**Exercise instructions**
Your answer should be the full data, transcribed exactly, with no pictures in it.

**Information shown**

::::::::

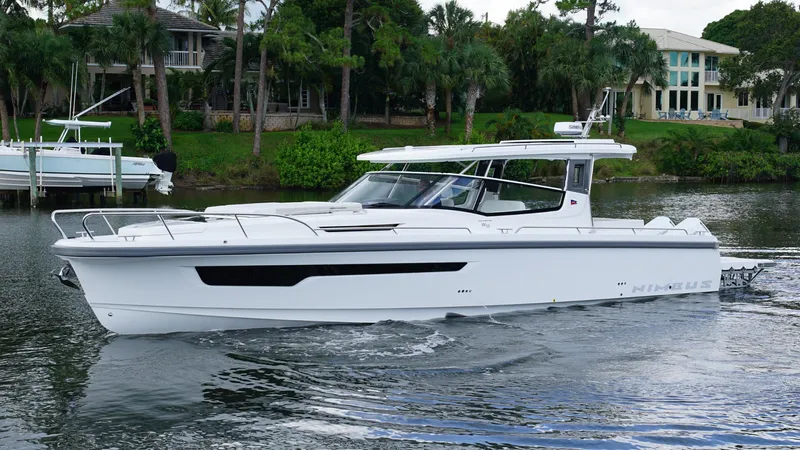 In-stock 2025 Nimbus W11 #60 Yacht Photos Pics 2025 Nimbus Weekender 11 #60 boat cruising on a calm river near lush greenery.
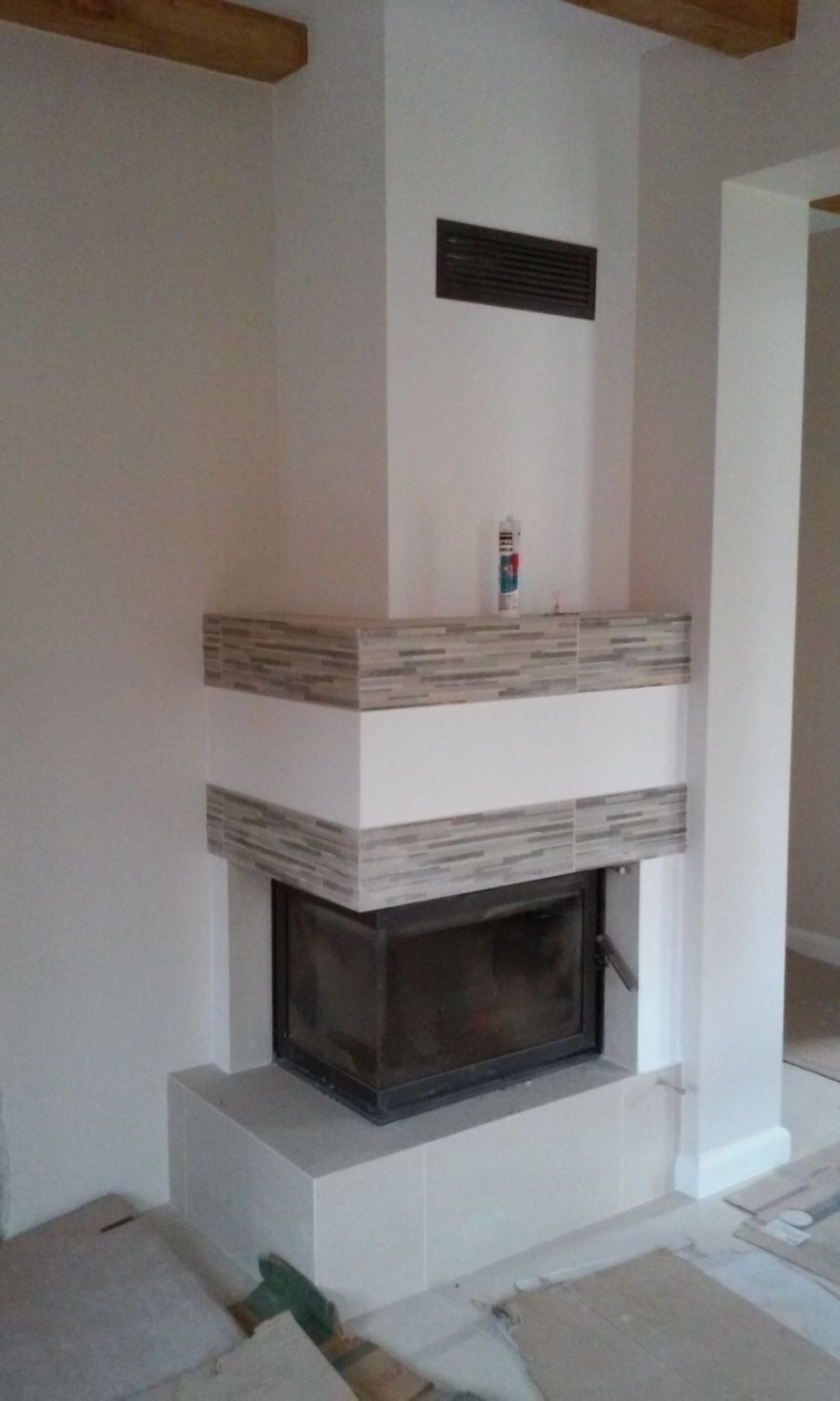 Nowoczesny kominek z czarnym wkładem, obudowany białymi i szarymi płytkami mozaikowymi, z tubą kleju na półce, w trakcie wykańczania.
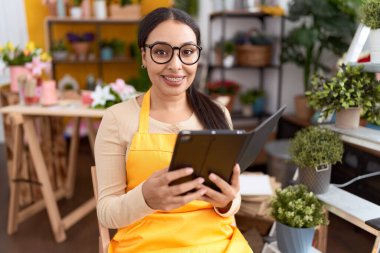 Young arab woman florist smiling confident using touchpad at flower shop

::::::::

**Solution for this task**
 In-stock 2025 Nimbus W11 #60 Yacht Photos Pics 2025 Nimbus Weekender 11 #60 boat cruising on a calm river near lush greenery.
 Nowoczesny kominek z czarnym wkładem, obudowany białymi i szarymi płytkami mozaikowymi, z tubą kleju na półce, w trakcie wykańczania.
 Young arab woman florist smiling confident using touchpad at flower shop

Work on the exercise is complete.